Was it worth it? Historians' discussion continues as we praise the heroes 78 years after their tragic struggle. Among us in California is Professor Andrzej Targowski, a child of the Uprising. He says that the uprising was a grave mistake, because the losses were too extensive, both human and material. The city's inhabitants were murdered. The buildings, libraries and museums were dynamited and burned down. Had the Uprising not taken place, 200,000 inhabitants of Warsaw would have had a chance of survival. And in a nation's crisis, survival is paramount. It's easy to die, dreaming of glory. It's harder, smarter, to survive, keep the traditions quietly, at home, to pass the memory on to the next generations.

How important is this memory today, when Polish Slavic history is not found in American textbooks. So let us remember: who we are, where we came from, where we are going. Let studying in a Polish school fill us with pride in our traditions, in our great history. Let this experience teach us to build and create, to work selflessly in community organizations, and to help others. 

On behalf of the Polish American Congress, I wish all children and youth a wonderful and fruitful school year. And no matter what, let's not forget to laugh. Let me end this article with a poem about the Warsaw Uprising Survivor, my Mom's friend: 

Medals of Barbara Wysocka, donated to the Museum of the Warsaw Uprising in 2013.

≡ PANI BASIA ≡

~ in memoriam Barbara Wysocka, “Irma” soldier in the Warsaw 

   Uprising, prisoner of Stutthof Camp (1927-1997) 

Who was this stranger at Christmas Eve dinners? 

A tall, stern lady who did not smile or talk to children. 

Distinguished. Distant. Too stiff for hugging. 

She looked at us as if from another planet. 

She ate her food slowly, methodically,

relishing each sip of the hot beet soup, 

gingerly picking fishbones out of carp in aspic. 

An aura of loneliness spread out around her. 

Why did Mom take her for vacation to Abu Dhabi,

on an exotic adventure, to see red sands, palms, camels?

The answer waited for decades in packets 

of old letters, medals earned during the war. 

She was “Irma,” a teen liaison for Division Baszta 

in Mokotów. Fought to the end, Warsaw’s fall. 

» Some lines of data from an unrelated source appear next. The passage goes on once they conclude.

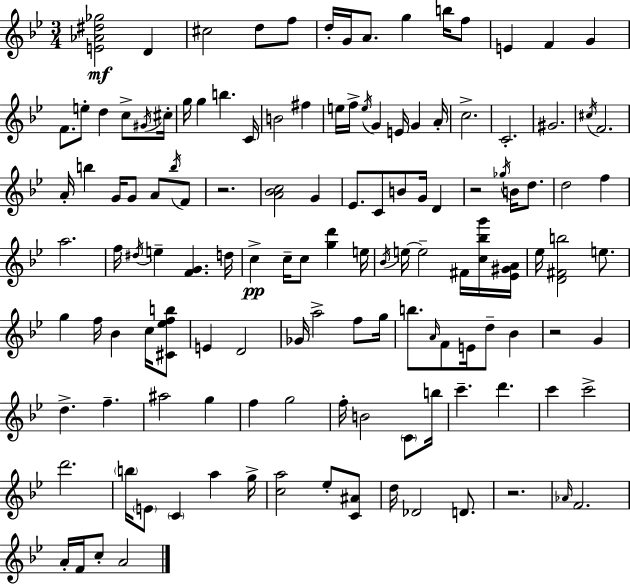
{
  \clef treble
  \numericTimeSignature
  \time 3/4
  \key bes \major
  \repeat volta 2 { <e' aes' dis'' ges''>2\mf d'4 | cis''2 d''8 f''8 | d''16-. g'16 a'8. g''4 b''16 f''8 | e'4 f'4 g'4 | \break f'8. e''8-. d''4 c''8-> \acciaccatura { gis'16 } | cis''16-. g''16 g''4 b''4. | c'16 b'2 fis''4 | e''16 f''16-> \acciaccatura { e''16 } g'4 e'16 g'4 | \break a'16-. c''2.-> | c'2.-. | gis'2. | \acciaccatura { cis''16 } f'2. | \break a'16-. b''4 g'16 g'8 a'8 | \acciaccatura { b''16 } f'8 r2. | <a' bes' c''>2 | g'4 ees'8. c'8 b'8 g'16 | \break d'4 r2 | \acciaccatura { ges''16 } b'16 d''8. d''2 | f''4 a''2. | f''16 \acciaccatura { dis''16 } e''4-- <f' g'>4. | \break d''16 c''4->\pp c''16-- c''8 | <g'' d'''>4 e''16 \acciaccatura { bes'16 } e''16~~ e''2-- | fis'16 <c'' bes'' g'''>16 <ees' gis' a'>16 ees''16 <d' fis' b''>2 | e''8. g''4 f''16 | \break bes'4 c''16 <cis' ees'' f'' b''>8 e'4 d'2 | ges'16 a''2-> | f''8 g''16 b''8. \grace { a'16 } f'8 | e'16 d''8-- bes'4 r2 | \break g'4 d''4.-> | f''4.-- ais''2 | g''4 f''4 | g''2 f''16-. b'2 | \break \parenthesize c'8 b''16 c'''4.-- | d'''4. c'''4 | c'''2-> d'''2. | \parenthesize b''16 \parenthesize e'8 \parenthesize c'4 | \break a''4 g''16-> <c'' a''>2 | ees''8-. <c' ais'>8 d''16 des'2 | d'8. r2. | \grace { aes'16 } f'2. | \break a'16-. f'16 c''8-. | a'2 } \bar "|."
}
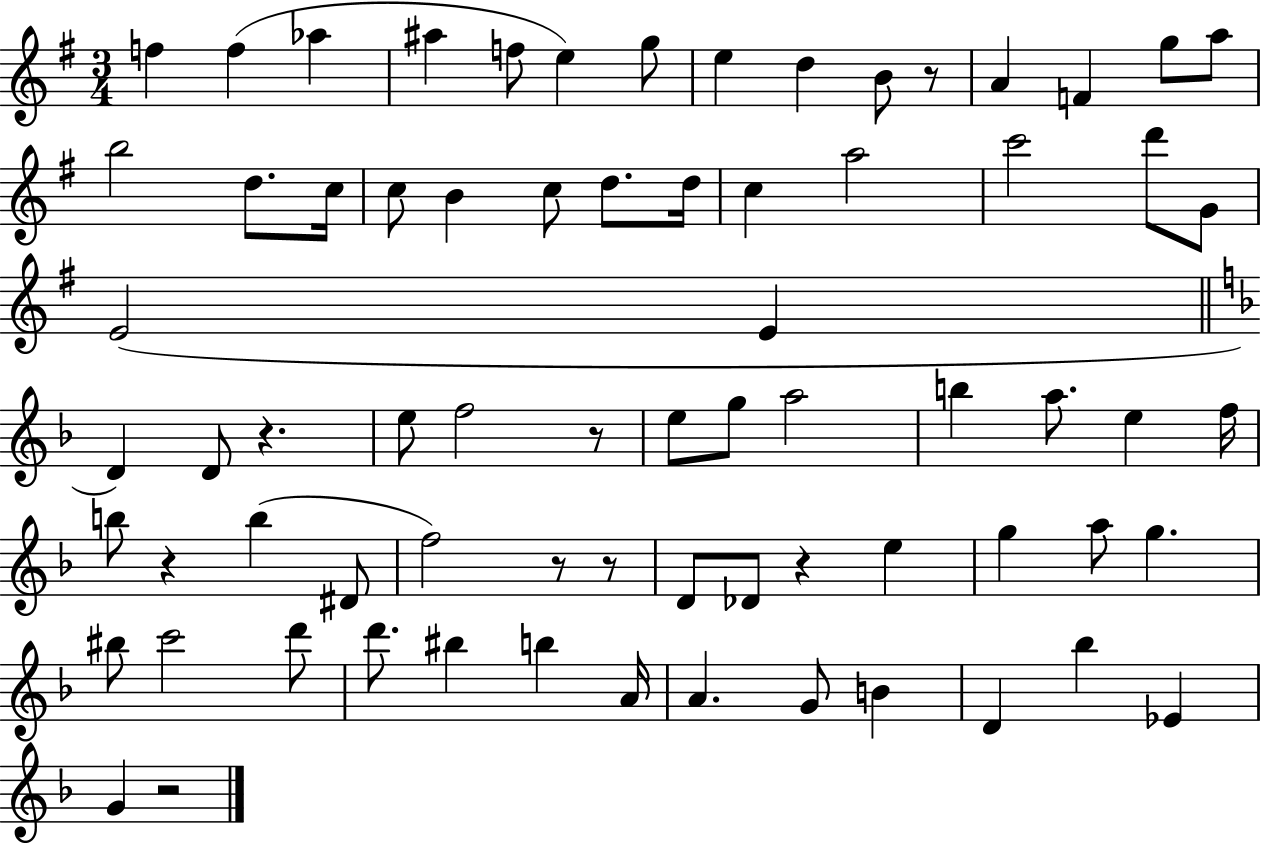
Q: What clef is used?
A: treble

Imprisoned in the Stutthof Concentration Camp. 

Her whole family perished. All alone.

Never married. Wrapped in her grief 

like a cashmere shawl.

On her vacation in Persian Gulf, she saw 

wobbly camels race – and finally laughed. 

 


All poems cited above are from The Rainy Bread: More Poems from Exile, second expanded edition of 2021 of the book initially published in 2016 and honored with the Creative Arts Prize by the Polish American Historical Association.